If this isn’t some lost footage from an MTV Unplugged starring a young Jerri Blank, then I don’t know what is.
Since television doesn’t mean anything anymore and all your memories of anything good and pure have been burned to a pile of stinky ashes, MTV has deemed Miley Cyrus’s body of work ‘good enough’ for the next MTV Unplugged on January 29th. That’s right! You’ve heard Bangerz through 8 layers of post-production, auto-tune, and the wall that separates you from your slow neighbour with terrible taste in music, but now you’re about to hear it as it was meant to be heard – with the TV shut off. Because human ears aren’t meant to hear Miley “unplugged”.
Miley took to Instagram to promote her MTV Unplugged appearance with a portrait that make her look like the First Lady of Florida (if Florida were to ever secede and become it’s own sovereign state).
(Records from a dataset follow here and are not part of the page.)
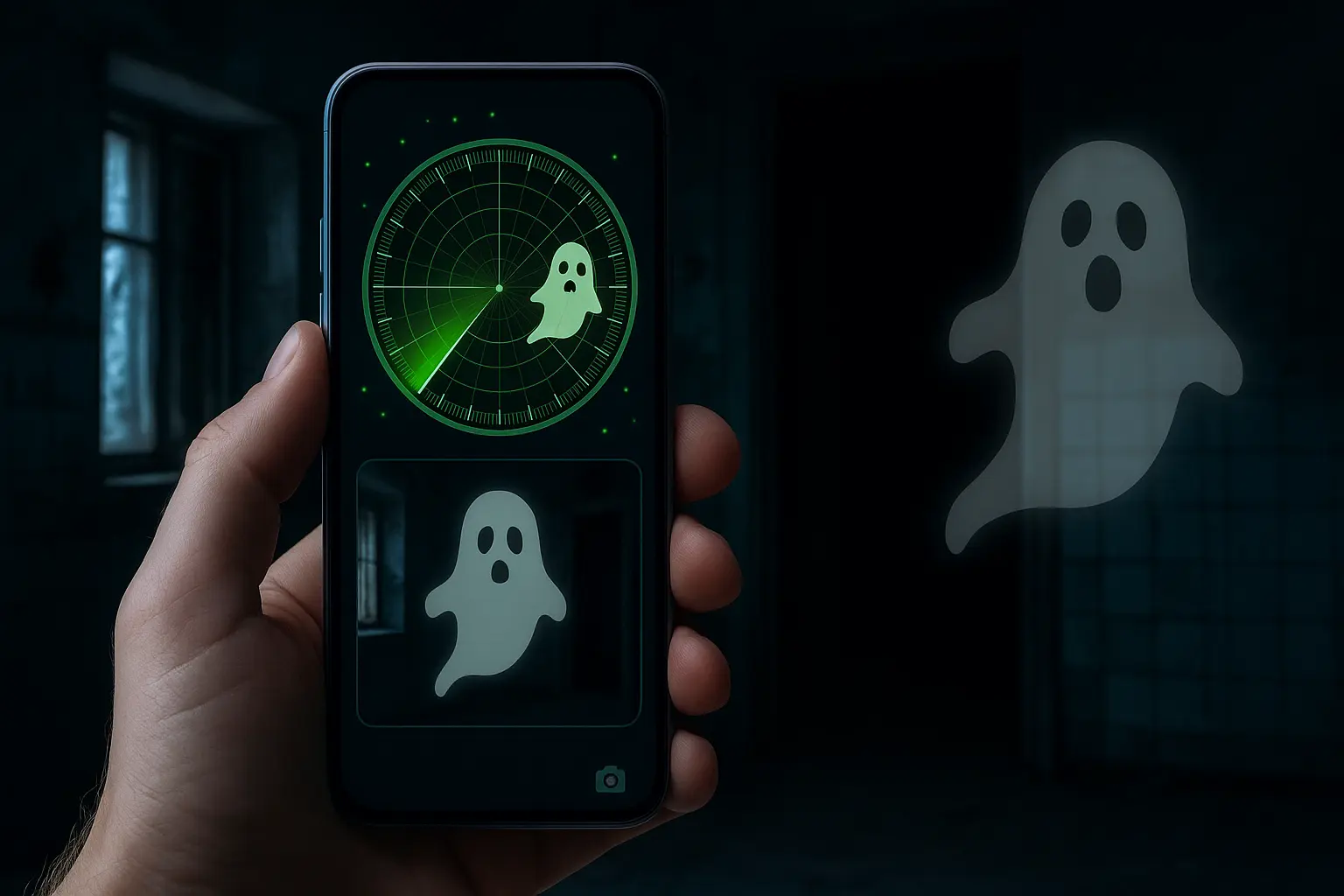 Caçadores de Fantasmas: 2 Apps Grátis pra Você Testar!👻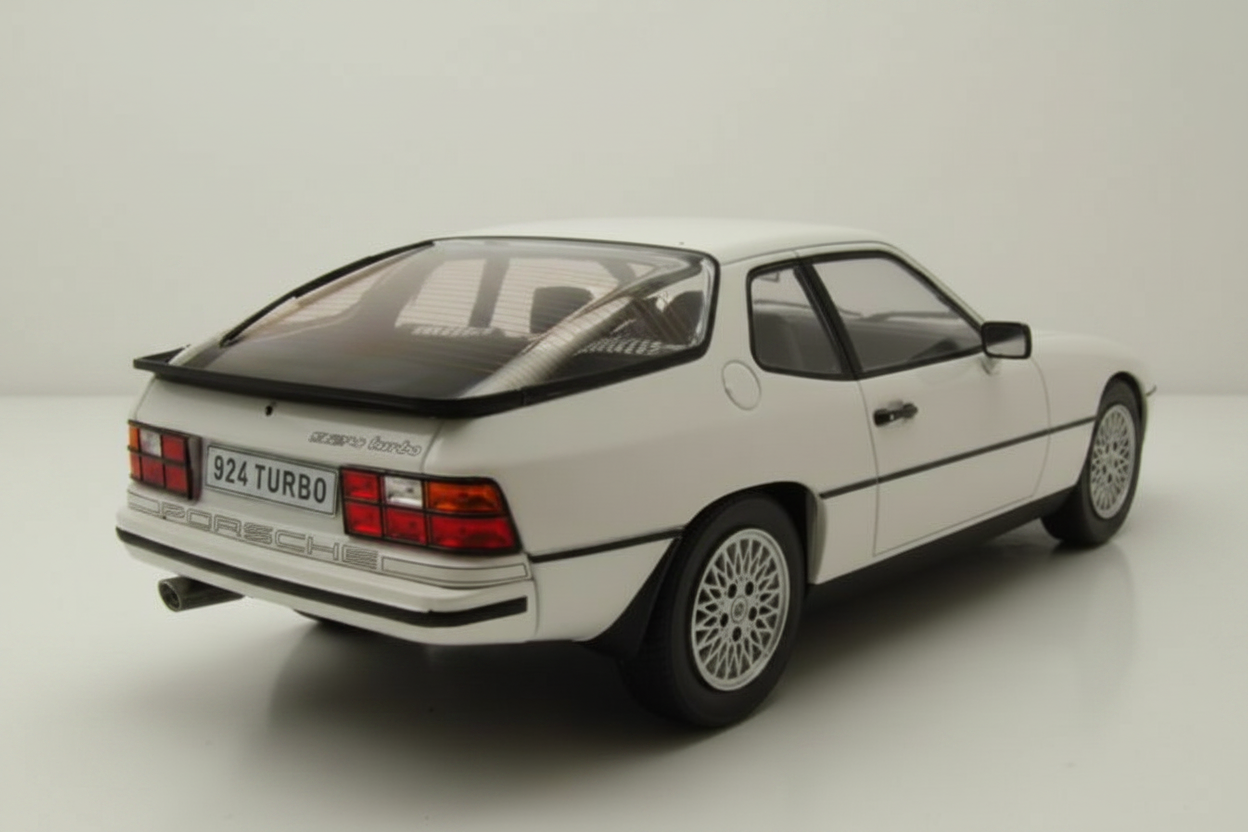Porsche 924 Turbo, weiss, 1979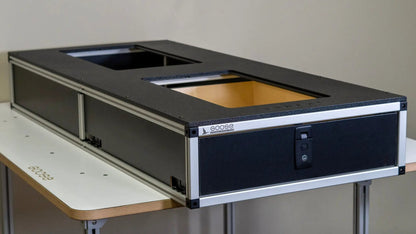 Ford Excursion 2000-2006 1st Gen. - Single Drawer Module - 25 3/4" Wide x 8" High x 59" Depth by Goose Gear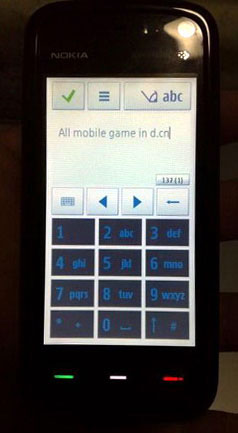 Nokia 5800 XpressMusic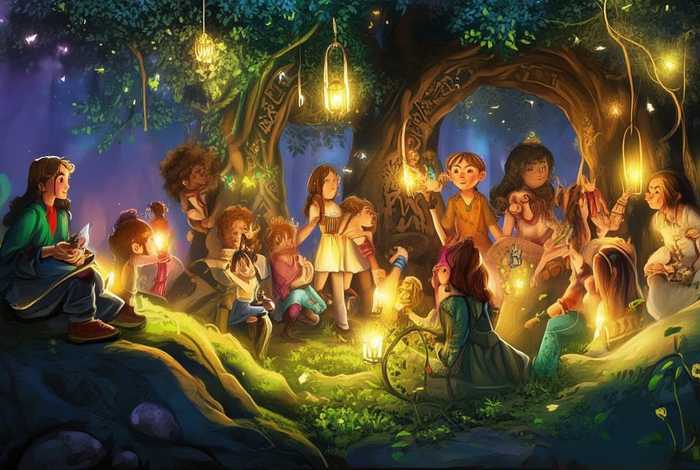 儿童故事经典叙事故事 - 幼儿叙事故事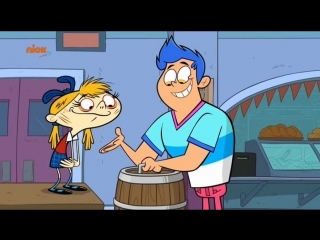 Яркие и забавные открытки с героями из мультфильма Чудище Бансен 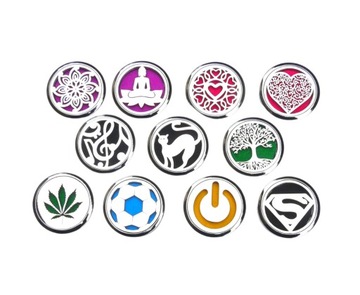 zapas do dyfuzora samochodowego do olejków czarny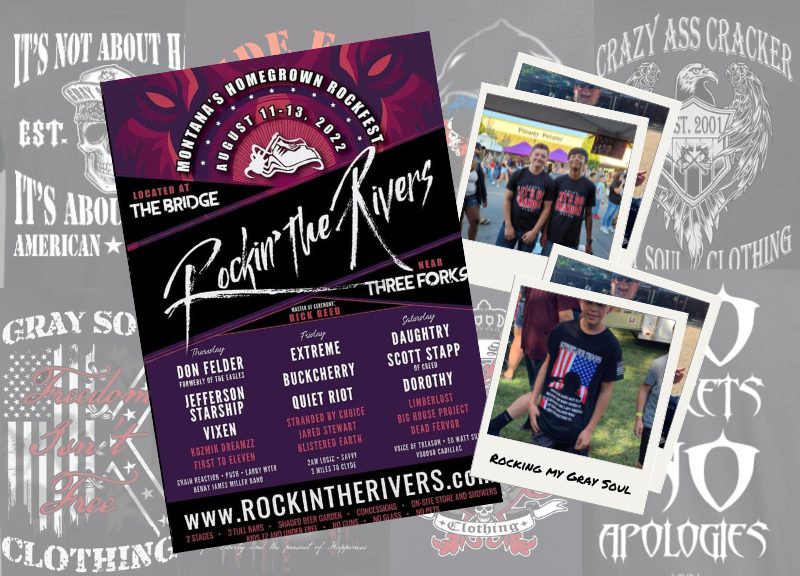 gray soul clothing at rockin' the rivers
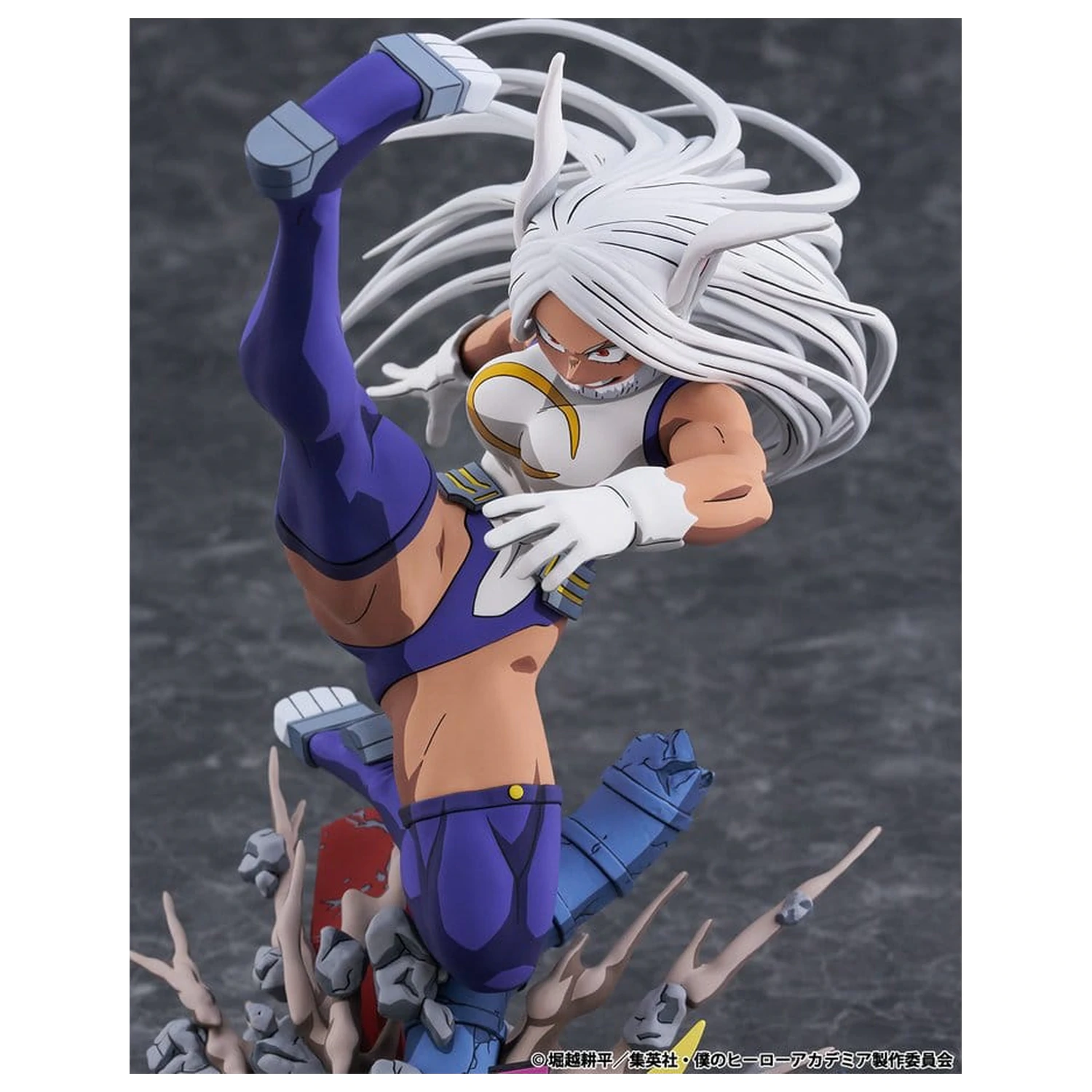 My Hero Academia PVC Figur 1/8 Mirko Hero Suit 2Dimensioning Version 23 cm Produktfoto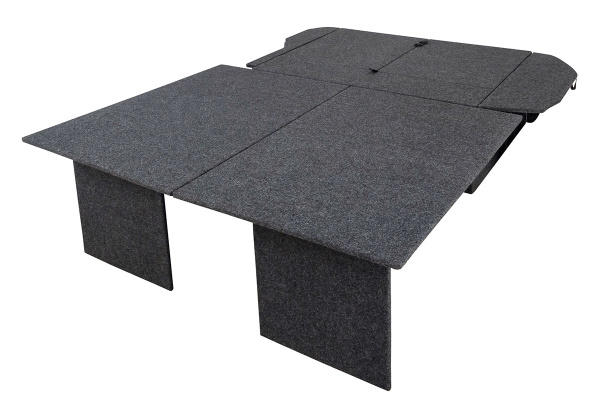 Органайзер в багажник для Mitsubishi Pajero IV (2 выдвижн.ящика+спальник)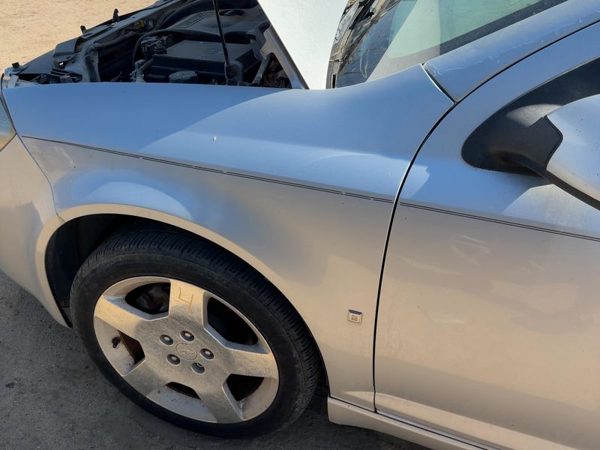 2005-2010 Chevy Cobalt Driver Left Front Fender Oem Silver 95U 15793419 — photo 4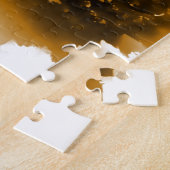 Puzzle Aigle dans l'art de vol (Côté)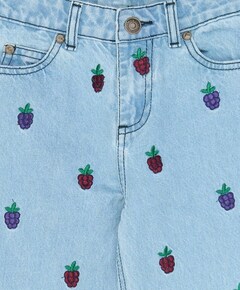 TNVanna Wide Fit meisjes jeans blauw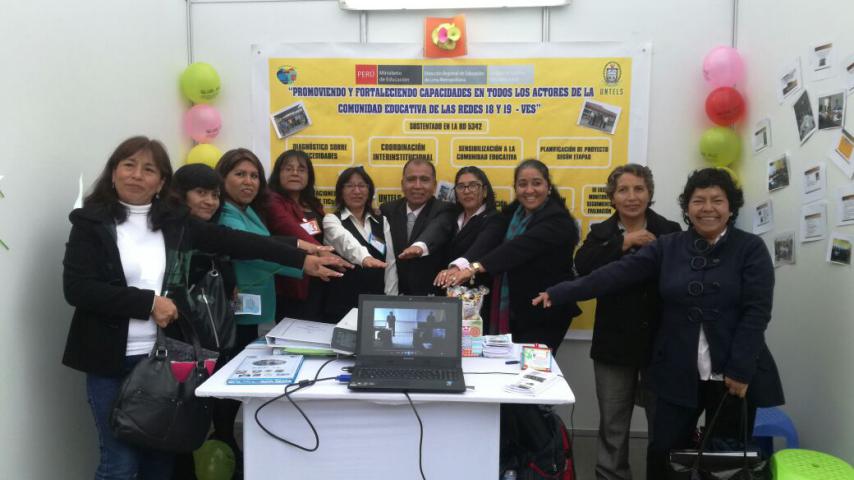 Encuentro de directores coordinadores de 139 redes educativas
I mean, thumbs up to those fake teeth: they did a great job of keeping her grimy lizard tongue in her mouth. Although the hat and scarf say something different; they’re saying “I used to work at Dollywood as a bartender in the Pigeon Forge Pretties topless bar until I was fired for giving lazy hand jobs behind the fried Snickers booth.”
Here’s what MTV doesn’t realize – or maybe they do, and they’re just trolling us – but Miley’s whole thing is smoking weed, drinking cough syrup, and rubbing her hillbilly acorn against the closest human while hollering over high school-sounding samples. What it’s not is sitting on a bar stool surrounded by hundreds of white candles, softly singing acoustic versions of the songs dummies snort MDMA to. Can you imagine the acoustic version of Love Money Party? Holy shit, show me to the nearest couch, cause I need to take a nap. Not even a pair of latex ass-flatteners could save this from being a snorefest.